Opera Background

The Don Juan Character

The character of Don Juan, on whom Mozart's Don Giovanni is based, was introduced to the world in El Burlador de Sevilla (1630), a play by Spanish monk and playwright Tirso de Molina. There was nothing particularly special about Molina's play; it was a cautionary tale about the dangers of atheism. It was well-written, but was never considered important during Molina's lifetime. The character of Don Juan, however, was to fascinate Europe for centuries, appearing in thousands of plays, stories, epic poems, operas, ballets, and philosophical treatises under various aliases-among them Don Juan, Don John, and Don Giovanni.

Artists inspired by the Don Juan theme have included Molière, Goldoni, Corneille, E.T.A Hoffman, Pushkin, George Bernard Shaw, Mozart, Gluck, and Richard Strauss. Every version of the story introduces new characters, episodes, and subtexts-and in each new incarnation the Don's personality and motivation change. A detailed history of Don Juan's evolution throughout the ages would read like a philosophical, religious, and artistic history of Europe.

Between the first performance of El Burlador de Sevilla and the premiere of Mozart's Don Giovanni, the Don Juan story had already undergone several transformations. Tirso de Molina's Don Juan was a baroque hero, rebellious and excessive, impulsive, driven by the desire for action. As Don Juan's story spread to other countries, he lost some of these characteristics. In Italy the story was embraced by the Commedia dell'arte, a type of improvised street theater featuring masks, physical comedy, and lots of dirty jokes. Commedia dell'arte troupes celebrated the Don's sexual prowess, made his valet into an Italian trickster, and added new commedia-style characters and gags. The Italian Don Juan became an unbelievably selfish man, controlled by his monstrous appetites and relentless in the pursuit of sexual pleasures.

It was probably the Italian Don Juan that Molière used as a model for his brilliant (though convoluted) version of the story, Don Juan, ou le festin de pierre (1665). Molière's subversive play, written during Louis XIV's reign, portrays Don Juan as an inactive noble who has been spoiled by his lavish lifestyle. Lazy, obsessed with beauty, and valuing nothing but his own pleasure, Don Juan would have been right at home in the King Louis' court. He has reasoned God out of his life, and mocks any religious sentiment. His obsession with women stems from his social position and life philosophy.

In England Don Juan took a particularly brutal turn in Shadwell's The Libertine (1676).
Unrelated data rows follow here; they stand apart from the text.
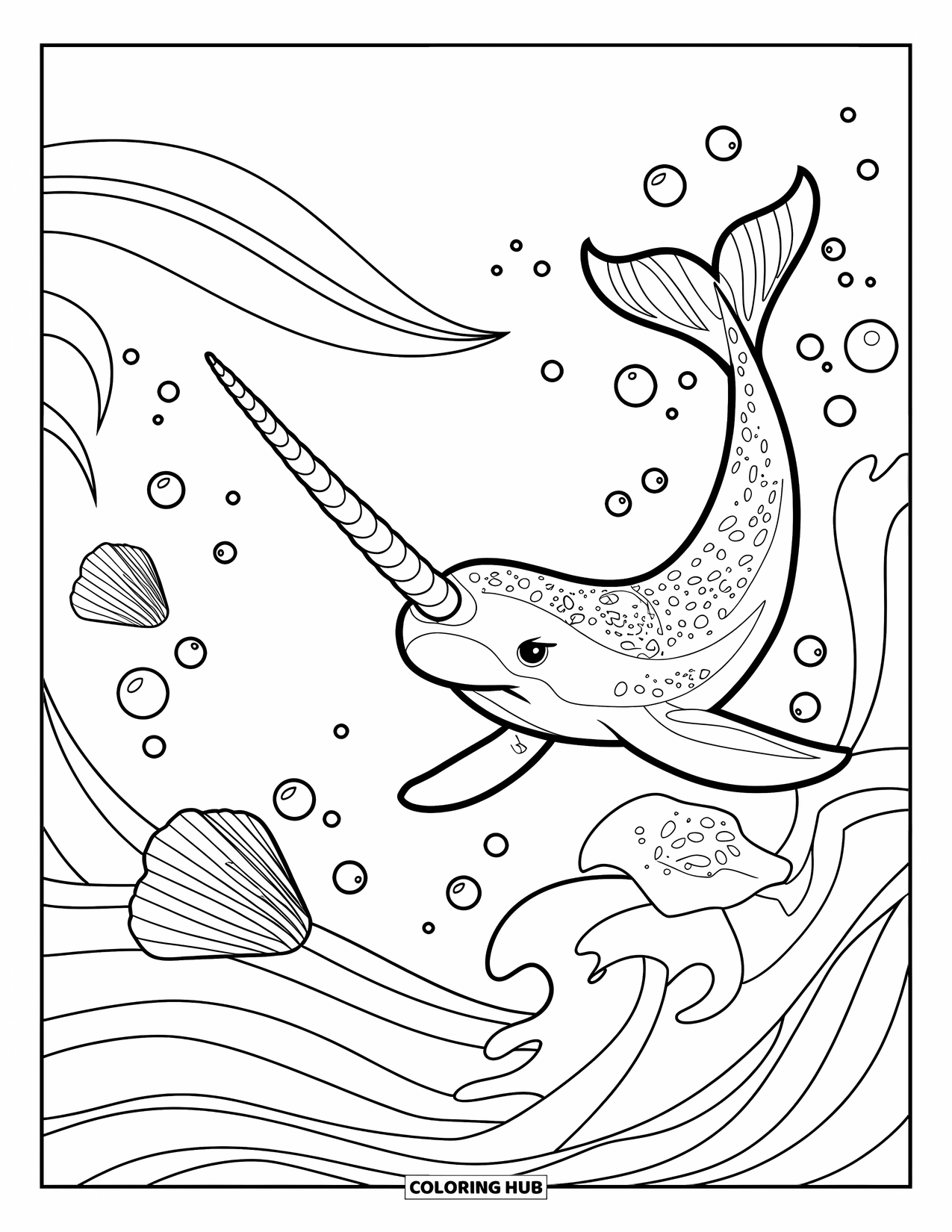 Letter N Coloring Page for Kids: A majestic narwhal swims through gentle waves with bubbles and seashells nearby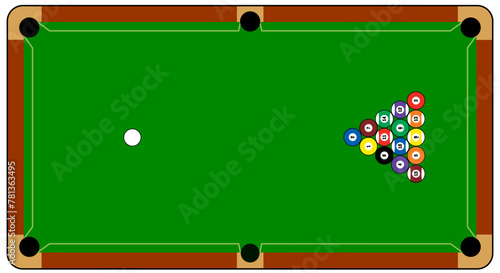 Billiard balls for billiard triangle. Billiard table or snooker table with cues and balls rack. Pyramid of billiard balls for pool table with cue and ball. Sport game tools. Balls racks. Game rules.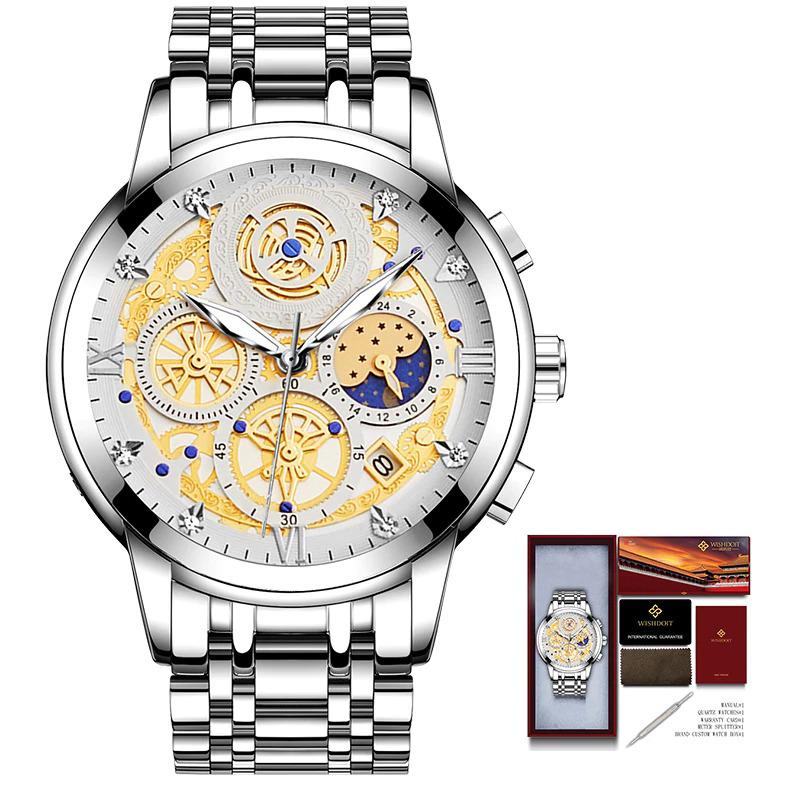 Watch - Luminous Stainless Steel Moon Phase Chronograph Quartz Watch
Don John, Shadwell's hero, was the first in a long line of Don Juan characters to directly explain the philosophy behind his actions. Don John argues that all desires stem from nature, and since anything natural cannot be bad, desire justifies the most horrible crimes. Don John lives by his philosophy; before the play begins he has already committed about thirty murders-including that of his own father. He is essentially violent rather than passionate-but defends his crimes with deadly logic.

Da Ponte (1787), Mozart's librettist for Don Giovanni, borrowed freely from all the Don Juan stories that had preceded his libretto, from Molina and Molière to commedia dell'arte. He also added some new features to the story, notably the character of Donna Anna, whose strength and determination have captured the imagination of many writers since. Romanticists were particularly drawn to Donna Anna; E.T.A Hoffman declared that she would have been Don Juan's true love, had she not come into his life too late to save him from his own desires. Richard Wagner himself was convinced that when the opera begins, Don Juan has already had his way with a willing Donna Anna.

After Don Giovanni the story of the libertine seducer continued to evolve. E.T.A. Hoffman wrote about Don Juan as a romantic idealist, eternally frustrated by his search for the perfect woman. The Don's quest is fueled by his conviction that only true love will bring him transcendence. Later, in the 20th century, George Bernard Shaw used Don Juan as a mouthpiece for his own complicated philosophies in the third act of Man and Superman, a play-within-a-play entitled Don Juan in Hell. Others have described Don Juan as the world's greatest lover or even as irresistible to women-both views that would have surprised Tirso de Molina.

But to most people, Mozart and Da Ponte's opera remains the ultimate version of the Don Juan story, presenting the myth in all its emotional range and levels of meaning-and the character of Don Giovanni in all his complexity.